→ **Brief**: Everything in the entries below should be restated exactly, except for the pictures.

→ **Source material**:
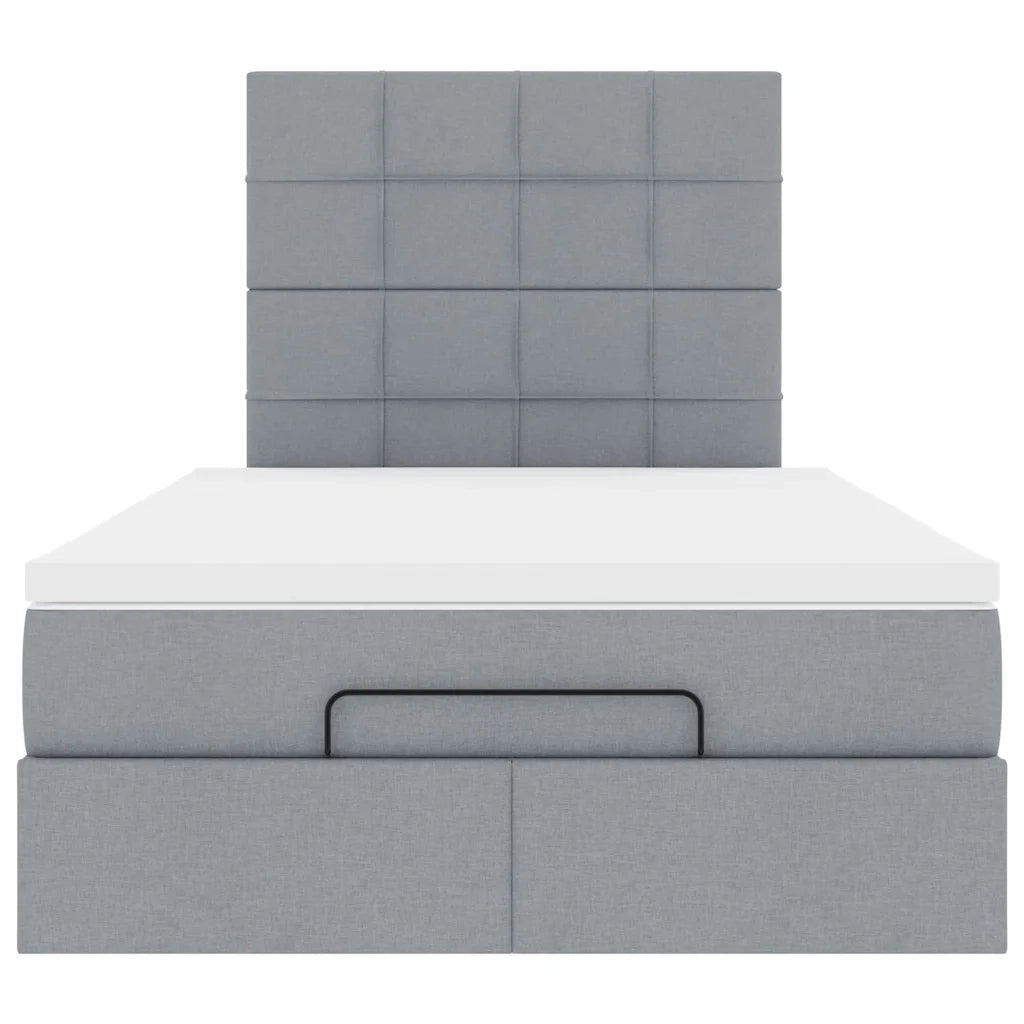 Struttura Letto Pouf con Materasso 120x200 cm in Tessuto 3313147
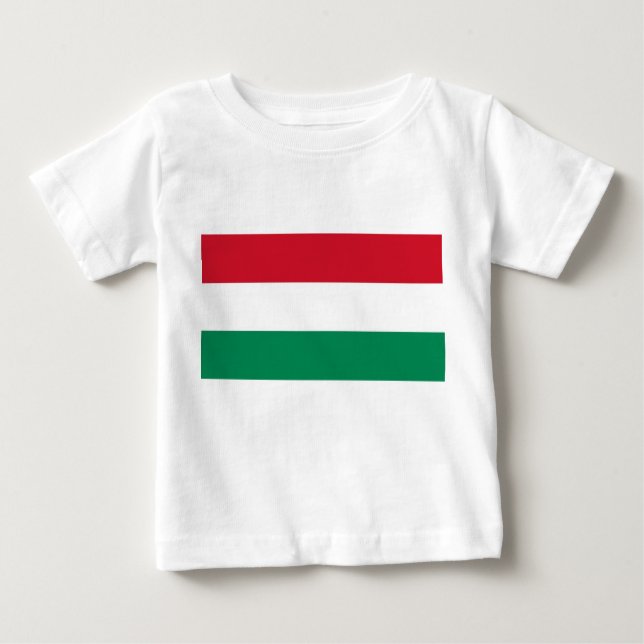 Baby T-Shirt with Flag of Hungary (Front)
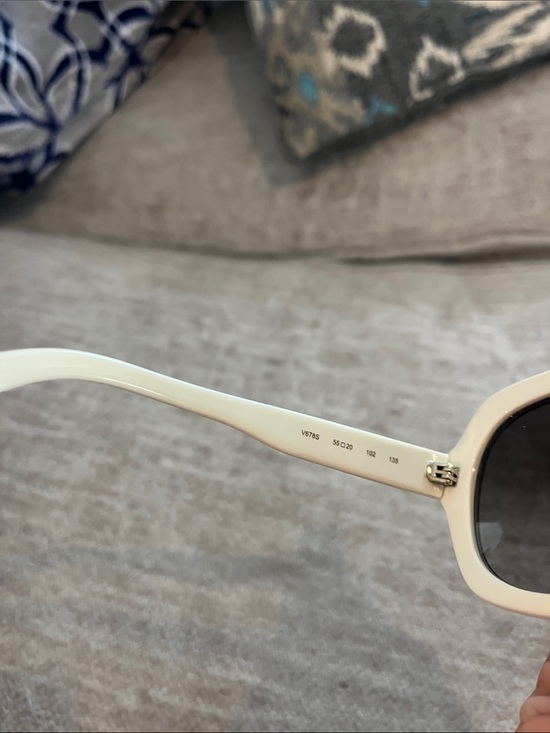 Valentino Black and White Lace Patterned Oversized Sunglasses main image 6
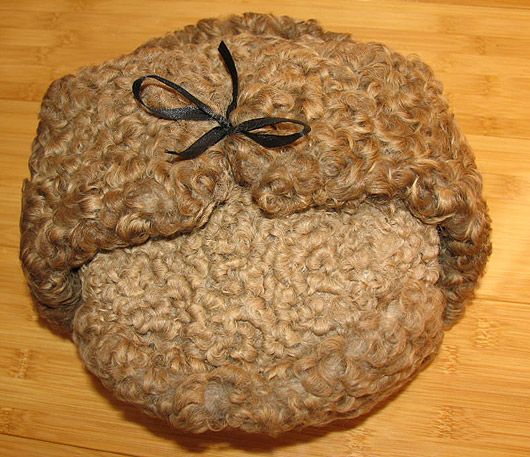 New Karakul Curly Lamb Russian Ushanka Hat Fur #6780  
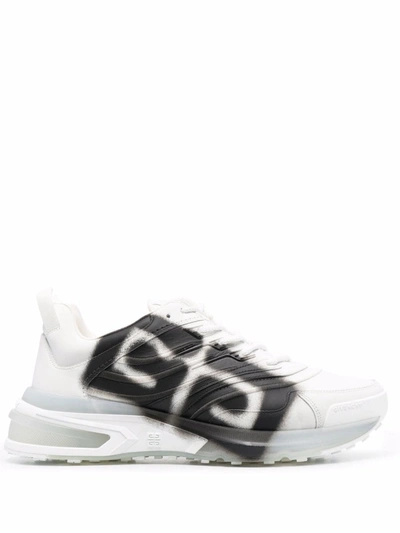 Givenchy Graffiti-logo Lace-up Sneakers In Multicolor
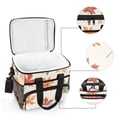thumbnail image 6 of FORMRS Insulated Cooler Bag 24 Cans Capacity Soft Leakproof Lunch Box with Side Pockets, Brown Autumn Leaves, 6 of 7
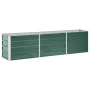 Arriate de jardín de acero galvanizado verde 240x40x45 cm de vidaXL, Maceteros y jardineras - Ref: Foro24-47045, Precio: 58,7...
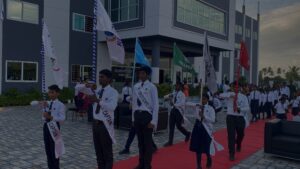 Investiture ceremony at RISHS International CBSE School Arcot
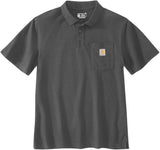Carhartt Loose Fit Short-Sleeve Pocket Polo blu scuro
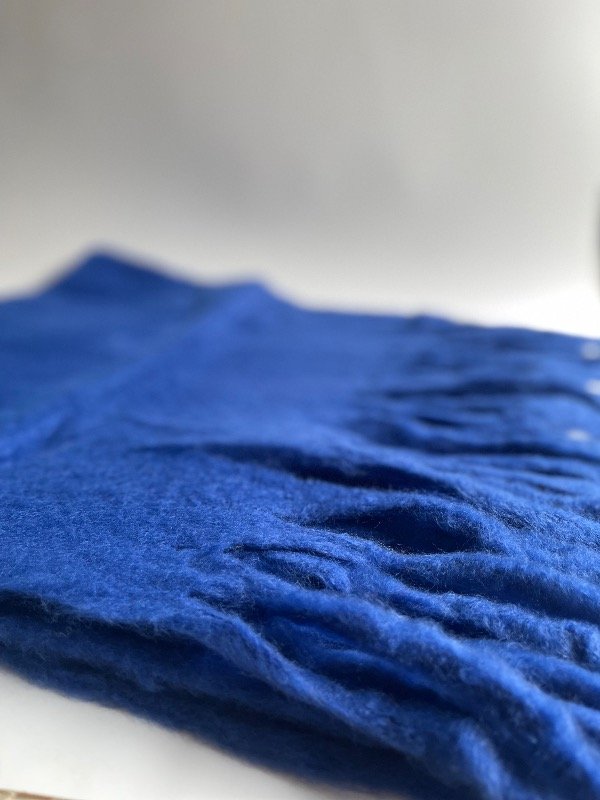 Producto - Bufandon Nube - Azul Liso
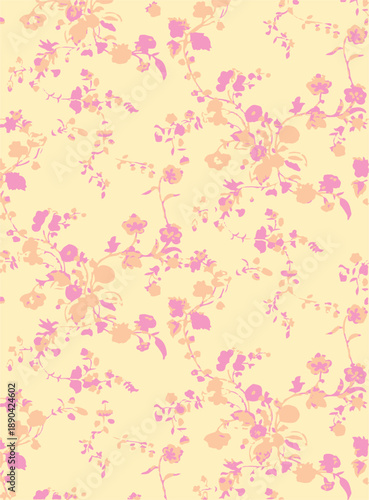 Small Flower pattern. Ditsy floral seamless pattern. Small little flower background. Repeat pattern. Ditsy print. Botanic surface design. Hand draw floral flower pattern for fashion, fabric,decor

→ **Finished exercise**:
 Struttura Letto Pouf con Materasso 120x200 cm in Tessuto 3313147
 Baby T-Shirt with Flag of Hungary (Front)
 Valentino Black and White Lace Patterned Oversized Sunglasses main image 6
 New Karakul Curly Lamb Russian Ushanka Hat Fur #6780  
 Givenchy Graffiti-logo Lace-up Sneakers In Multicolor
thumbnail image 6 of FORMRS Insulated Cooler Bag 24 Cans Capacity Soft Leakproof Lunch Box with Side Pockets, Brown Autumn Leaves, 6 of 7
 Arriate de jardín de acero galvanizado verde 240x40x45 cm de vidaXL, Maceteros y jardineras - Ref: Foro24-47045, Precio: 58,7...
 Investiture ceremony at RISHS International CBSE School Arcot
Carhartt Loose Fit Short-Sleeve Pocket Polo blu scuro
 Producto - Bufandon Nube - Azul Liso
 Small Flower pattern. Ditsy floral seamless pattern. Small little flower background. Repeat pattern. Ditsy print. Botanic surface design. Hand draw floral flower pattern for fashion, fabric,decor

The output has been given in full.